* _Your instructions_:
Write out exactly the lines below that run from the one containing "Ricetta Crema diplomatica al caffè." through the one containing "Yamaha Mtm690 2024", both included, with no other lines.

* _Provided entries_:
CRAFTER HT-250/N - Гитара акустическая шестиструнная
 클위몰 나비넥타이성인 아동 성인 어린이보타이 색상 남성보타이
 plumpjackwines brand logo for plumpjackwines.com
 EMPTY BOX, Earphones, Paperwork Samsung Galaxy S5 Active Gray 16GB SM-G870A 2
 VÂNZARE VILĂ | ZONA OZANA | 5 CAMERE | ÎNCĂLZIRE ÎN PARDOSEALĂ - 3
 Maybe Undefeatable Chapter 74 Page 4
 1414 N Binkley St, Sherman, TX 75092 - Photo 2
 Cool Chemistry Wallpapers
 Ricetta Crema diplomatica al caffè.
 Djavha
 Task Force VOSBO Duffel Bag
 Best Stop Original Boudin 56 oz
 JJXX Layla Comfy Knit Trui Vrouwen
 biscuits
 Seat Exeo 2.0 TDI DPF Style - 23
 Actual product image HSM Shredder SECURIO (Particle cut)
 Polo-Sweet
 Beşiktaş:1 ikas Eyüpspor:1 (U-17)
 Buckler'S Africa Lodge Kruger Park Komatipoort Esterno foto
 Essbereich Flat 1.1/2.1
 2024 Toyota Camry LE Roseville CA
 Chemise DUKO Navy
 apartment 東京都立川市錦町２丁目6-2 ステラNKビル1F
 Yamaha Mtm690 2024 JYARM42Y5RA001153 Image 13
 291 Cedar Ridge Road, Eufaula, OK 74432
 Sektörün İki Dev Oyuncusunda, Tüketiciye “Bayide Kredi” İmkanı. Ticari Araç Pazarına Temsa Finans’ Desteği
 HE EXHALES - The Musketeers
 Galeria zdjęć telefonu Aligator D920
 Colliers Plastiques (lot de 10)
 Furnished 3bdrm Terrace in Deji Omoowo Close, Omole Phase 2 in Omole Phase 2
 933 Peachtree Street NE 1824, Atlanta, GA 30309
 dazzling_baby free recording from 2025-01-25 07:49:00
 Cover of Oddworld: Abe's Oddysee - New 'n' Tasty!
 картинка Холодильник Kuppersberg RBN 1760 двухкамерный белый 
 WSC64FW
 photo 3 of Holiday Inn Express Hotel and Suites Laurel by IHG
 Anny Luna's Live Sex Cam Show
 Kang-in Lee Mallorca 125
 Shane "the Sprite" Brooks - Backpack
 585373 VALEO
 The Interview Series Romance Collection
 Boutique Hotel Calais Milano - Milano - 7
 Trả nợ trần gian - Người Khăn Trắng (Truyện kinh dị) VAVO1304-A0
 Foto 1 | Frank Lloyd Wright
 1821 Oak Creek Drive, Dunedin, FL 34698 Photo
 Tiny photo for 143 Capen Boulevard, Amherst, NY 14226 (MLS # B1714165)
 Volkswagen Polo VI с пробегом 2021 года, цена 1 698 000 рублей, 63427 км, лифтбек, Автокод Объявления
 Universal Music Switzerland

* _Solution below_:
 Ricetta Crema diplomatica al caffè.
 Djavha
 Task Force VOSBO Duffel Bag
 Best Stop Original Boudin 56 oz
 JJXX Layla Comfy Knit Trui Vrouwen
 biscuits
 Seat Exeo 2.0 TDI DPF Style - 23
 Actual product image HSM Shredder SECURIO (Particle cut)
 Polo-Sweet
 Beşiktaş:1 ikas Eyüpspor:1 (U-17)
 Buckler'S Africa Lodge Kruger Park Komatipoort Esterno foto
 Essbereich Flat 1.1/2.1
 2024 Toyota Camry LE Roseville CA
 Chemise DUKO Navy
 apartment 東京都立川市錦町２丁目6-2 ステラNKビル1F
 Yamaha Mtm690 2024 JYARM42Y5RA001153 Image 13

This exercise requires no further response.